- [YOUR INSTRUCTIONS]:
For the data below, restate word for word only the lines from the line containing "Solid Silver Cowrie Shell necklace." through the line containing "Un grupo de", both ends included.

- [DATASET CONTENT]:
%%

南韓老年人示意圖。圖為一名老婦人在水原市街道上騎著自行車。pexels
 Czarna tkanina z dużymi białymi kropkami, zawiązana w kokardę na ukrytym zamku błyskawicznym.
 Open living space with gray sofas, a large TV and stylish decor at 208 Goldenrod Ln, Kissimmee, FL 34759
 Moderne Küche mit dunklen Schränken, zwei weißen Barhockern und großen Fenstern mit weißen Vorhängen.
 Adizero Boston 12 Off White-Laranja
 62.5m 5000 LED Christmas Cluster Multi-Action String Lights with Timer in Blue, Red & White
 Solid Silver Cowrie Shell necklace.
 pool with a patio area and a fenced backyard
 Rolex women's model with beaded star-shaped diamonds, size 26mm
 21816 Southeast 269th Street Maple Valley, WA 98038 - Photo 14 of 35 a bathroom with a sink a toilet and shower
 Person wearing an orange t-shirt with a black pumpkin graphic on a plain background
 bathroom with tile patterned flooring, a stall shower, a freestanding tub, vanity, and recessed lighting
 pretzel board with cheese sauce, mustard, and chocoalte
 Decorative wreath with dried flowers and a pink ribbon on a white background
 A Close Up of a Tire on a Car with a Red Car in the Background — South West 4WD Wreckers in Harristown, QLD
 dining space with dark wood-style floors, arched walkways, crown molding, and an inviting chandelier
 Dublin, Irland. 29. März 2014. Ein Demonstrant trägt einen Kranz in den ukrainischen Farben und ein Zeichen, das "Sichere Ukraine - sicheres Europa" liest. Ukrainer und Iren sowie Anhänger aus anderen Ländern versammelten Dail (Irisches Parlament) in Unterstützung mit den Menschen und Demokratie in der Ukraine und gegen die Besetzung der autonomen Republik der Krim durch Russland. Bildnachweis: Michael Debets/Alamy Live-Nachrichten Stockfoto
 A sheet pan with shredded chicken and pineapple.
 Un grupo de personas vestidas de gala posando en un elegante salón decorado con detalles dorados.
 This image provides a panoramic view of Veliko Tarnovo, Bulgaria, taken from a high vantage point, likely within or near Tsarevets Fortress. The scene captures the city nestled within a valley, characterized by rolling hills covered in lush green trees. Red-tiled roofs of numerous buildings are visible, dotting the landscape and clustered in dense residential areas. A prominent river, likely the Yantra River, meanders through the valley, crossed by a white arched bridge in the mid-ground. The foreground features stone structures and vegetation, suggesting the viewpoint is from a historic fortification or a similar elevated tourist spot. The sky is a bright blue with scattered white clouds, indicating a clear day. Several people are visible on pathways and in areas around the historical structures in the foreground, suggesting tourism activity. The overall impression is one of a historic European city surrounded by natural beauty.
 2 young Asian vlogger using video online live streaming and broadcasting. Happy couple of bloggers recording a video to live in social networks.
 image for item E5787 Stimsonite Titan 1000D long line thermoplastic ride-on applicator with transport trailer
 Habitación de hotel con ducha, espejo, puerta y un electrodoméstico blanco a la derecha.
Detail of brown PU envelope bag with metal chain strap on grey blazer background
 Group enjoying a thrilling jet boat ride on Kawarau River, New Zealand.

%%

- [SOLUTION FOR THIS EXERCISE]:
 Solid Silver Cowrie Shell necklace.
 pool with a patio area and a fenced backyard
 Rolex women's model with beaded star-shaped diamonds, size 26mm
 21816 Southeast 269th Street Maple Valley, WA 98038 - Photo 14 of 35 a bathroom with a sink a toilet and shower
 Person wearing an orange t-shirt with a black pumpkin graphic on a plain background
 bathroom with tile patterned flooring, a stall shower, a freestanding tub, vanity, and recessed lighting
 pretzel board with cheese sauce, mustard, and chocoalte
 Decorative wreath with dried flowers and a pink ribbon on a white background
 A Close Up of a Tire on a Car with a Red Car in the Background — South West 4WD Wreckers in Harristown, QLD
 dining space with dark wood-style floors, arched walkways, crown molding, and an inviting chandelier
 Dublin, Irland. 29. März 2014. Ein Demonstrant trägt einen Kranz in den ukrainischen Farben und ein Zeichen, das "Sichere Ukraine - sicheres Europa" liest. Ukrainer und Iren sowie Anhänger aus anderen Ländern versammelten Dail (Irisches Parlament) in Unterstützung mit den Menschen und Demokratie in der Ukraine und gegen die Besetzung der autonomen Republik der Krim durch Russland. Bildnachweis: Michael Debets/Alamy Live-Nachrichten Stockfoto
 A sheet pan with shredded chicken and pineapple.
 Un grupo de personas vestidas de gala posando en un elegante salón decorado con detalles dorados.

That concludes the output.